Beginning with the top line of the listing below, give again every line up to and including the line with "Fototapeta premium Anniversary"; pictures do not belong in the copy.
=== Task inputs ===
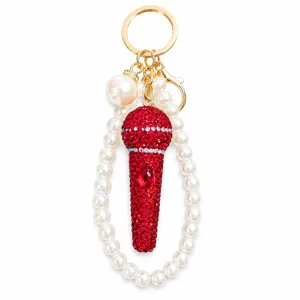Stralende strass microfoon sleutelhanger met witte parelketting voor tas accessoire
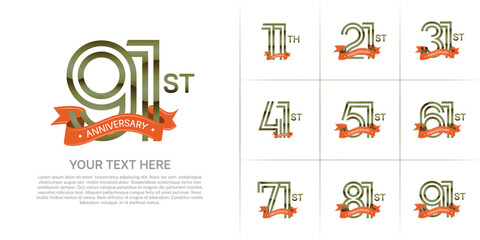 Fototapeta premium Anniversary logo set with double line number style. green color with orange ribbon can be use for special moment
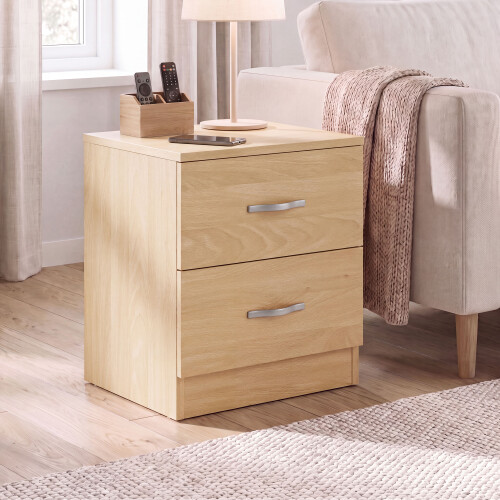 Vida Designs (Pine) Riano Bedside Table Set of 2, 2 Drawer Chest Nightstands 2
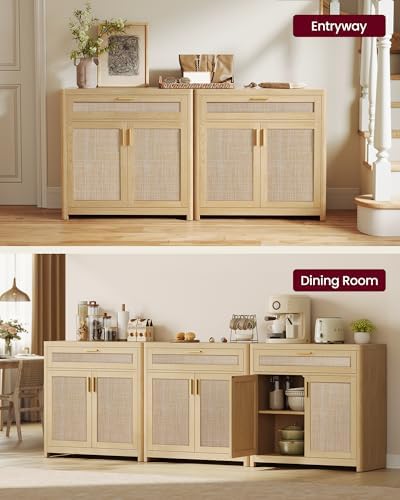 VASAGLE Boho Buffet Cabinet with Rattan-Look Doors, Adjustable Shelf - Image 7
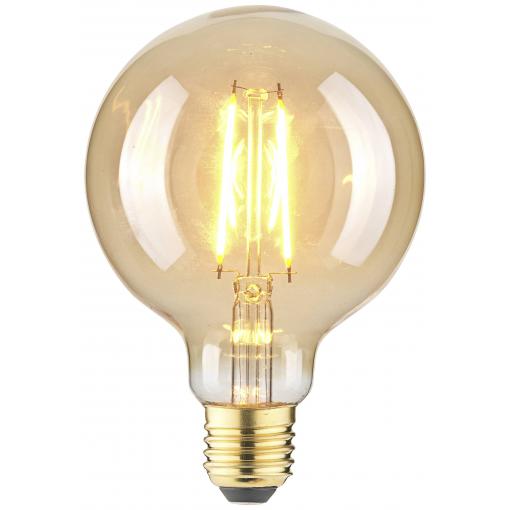 LightMe LM85059 LED E27 kulatý tvar 2.5 W jantar (Ø x d) 95 mm x 140 mm 1 ks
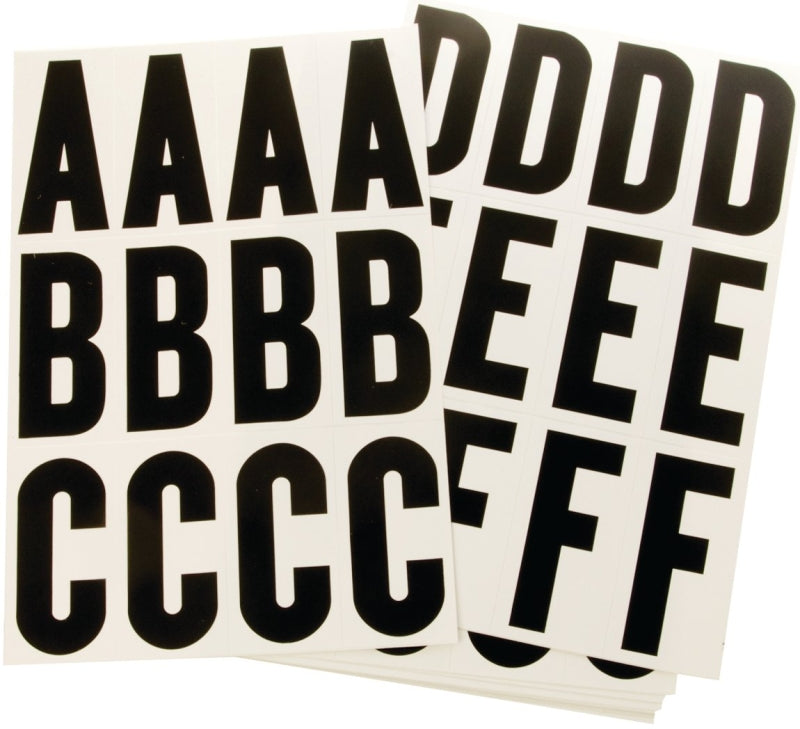 Hy-Ko MM-144-B Self-Adhesive Packaged Number and Letter Set, 3-1/4 in H Character, Black Character, White Background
===
__Solution to the problem__:
Stralende strass microfoon sleutelhanger met witte parelketting voor tas accessoire
 Fototapeta premium Anniversary logo set with double line number style. green color with orange ribbon can be use for special moment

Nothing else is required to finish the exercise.